Source material:
^^^^^^^^

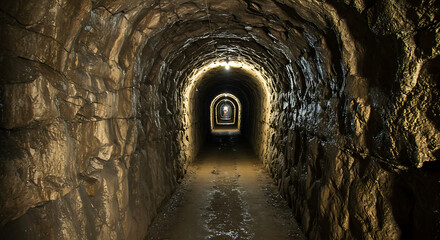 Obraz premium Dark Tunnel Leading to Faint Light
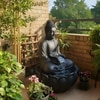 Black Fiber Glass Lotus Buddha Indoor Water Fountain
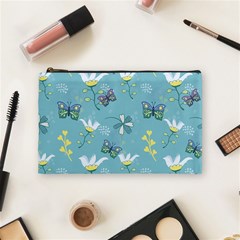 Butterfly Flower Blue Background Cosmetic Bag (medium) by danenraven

^^^^^^^^

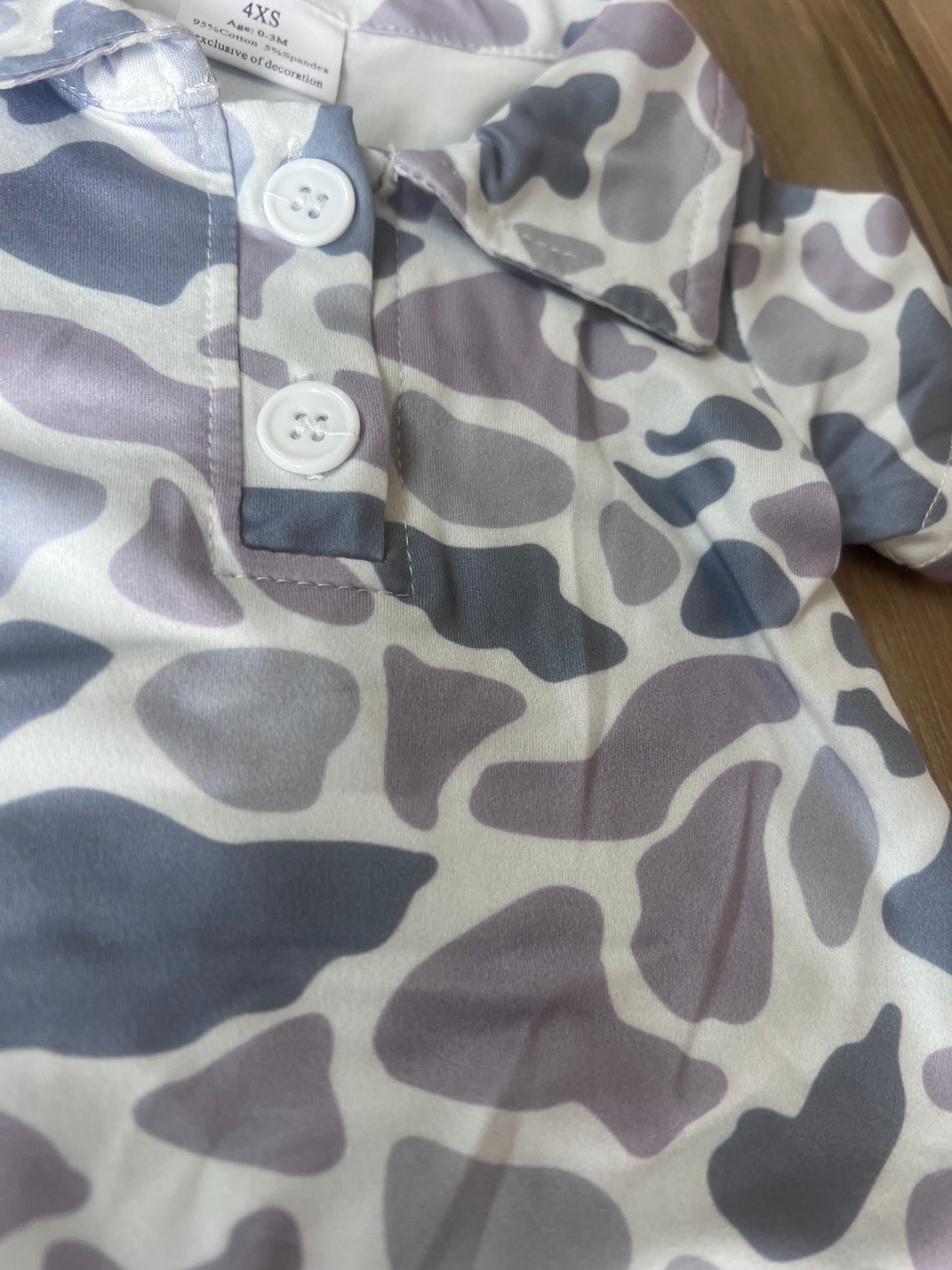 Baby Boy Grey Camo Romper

^^^^^^^^

Using the entries above, reproduce word for word only the lines from the one that contains "Obraz premium Dark" to the one that contains "Butterfly Flower Blue", both ends included, and drop every picture.

 Obraz premium Dark Tunnel Leading to Faint Light
 Black Fiber Glass Lotus Buddha Indoor Water Fountain
 Butterfly Flower Blue Background Cosmetic Bag (medium) by danenraven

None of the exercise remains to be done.